Em certos países, as autoridades encontraram uma “solução” para parte da base e a grande massa que nem sequer entra na pirâmide: criminalizá-la ao extremo. É o que Löic Wacquant chama de queda do estado-providência (welfare state) e ascensão do estado-penitência (workfare state). Nesses países, as políticas de direitos sociais são consideradas incentivo à preguiça e a incapacidade de estabelecer-se economicamente é totalmente individualizada. A probreza é criminalizada e encarcerada e, por fim, as autoridades encontram formas de lucrar com as prisões.
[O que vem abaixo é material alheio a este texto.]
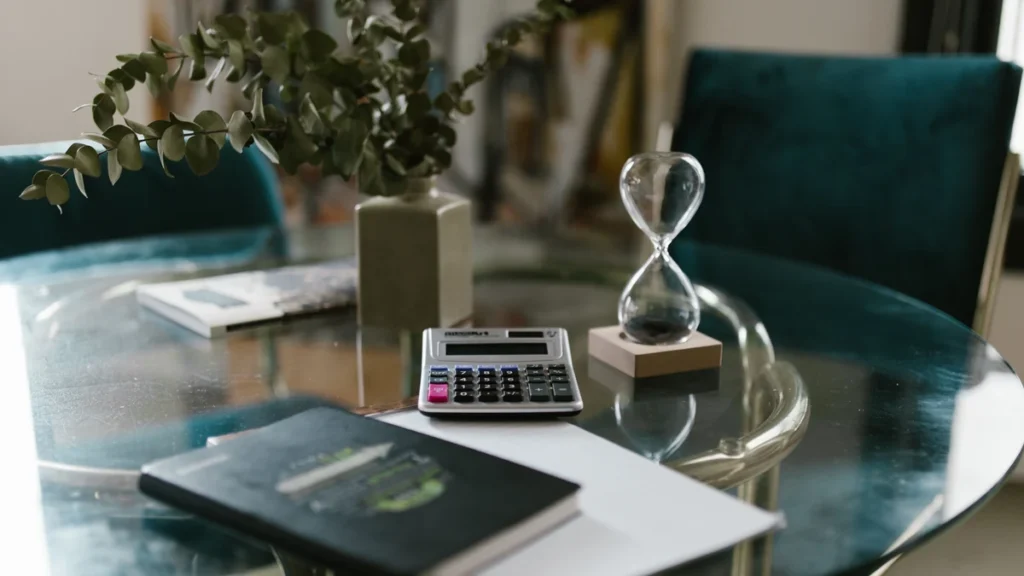 Hourglass and calculator on a glass table beside notebooks.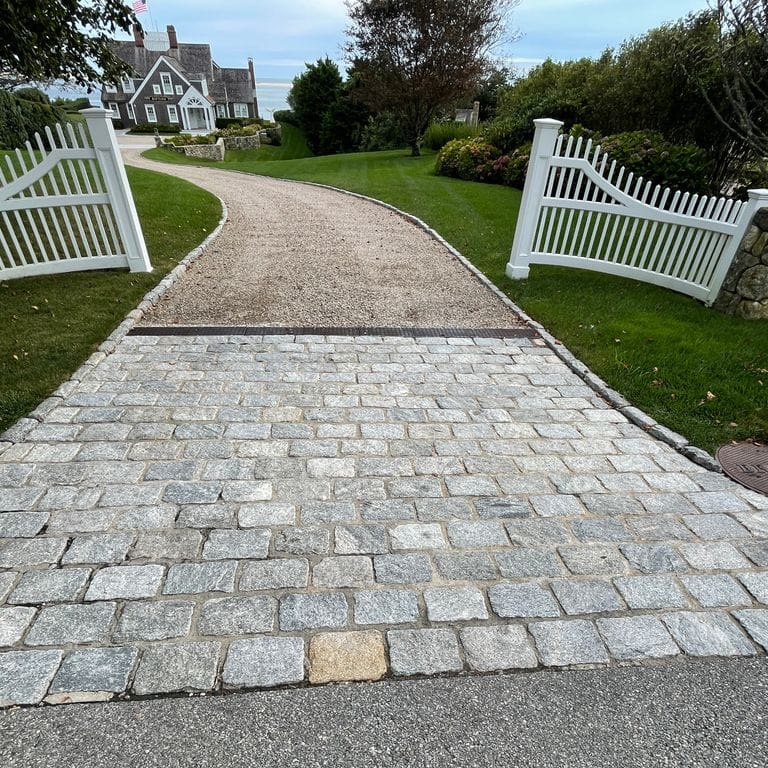 Application image for Granite Cobblestones - Gray. The image shows this material being used in a driveway aprons application. The surface finish shown is tumbled. The dominant color shown is gray; with white and tan secondaries. Exhibits "movement" and the color mix creates a cool feeling. Marbled and speckled color patterns.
A retirada do estado das questões sociais é onde tem chegado o neoliberalismo.
Preocupo-me quando certos políticos propõe que a solução para o crime no Brasil é o fortalecimento da polícia, sem sequer tocar em pontos como educação ou emprego. E é incrível como idéias como essas vendem! Aparentemente, quem vai ao shopping, come no McDonald’s e ainda vota nesses políticos não sente na pele o que significa ser um eterno suspeito para a polícia por compor determinados grupos sociais.

17 11 2010
Nathalia Lima

Muito bom Léo! é mt importante entendermos a normatividade que nos opera e (infelizmente) fazemos operar (principalmente enquanto psicólogos, rs)… acredito que é daí que podemos criar linhas de fuga dessa massificante realidade. Qnto a Dilma confesso que fico de dedos cruzados…

17 11 2010
Leonaro Ribeiro

Bota fé na gordinha que ela é boa! Vai Dilma! Força na peruca!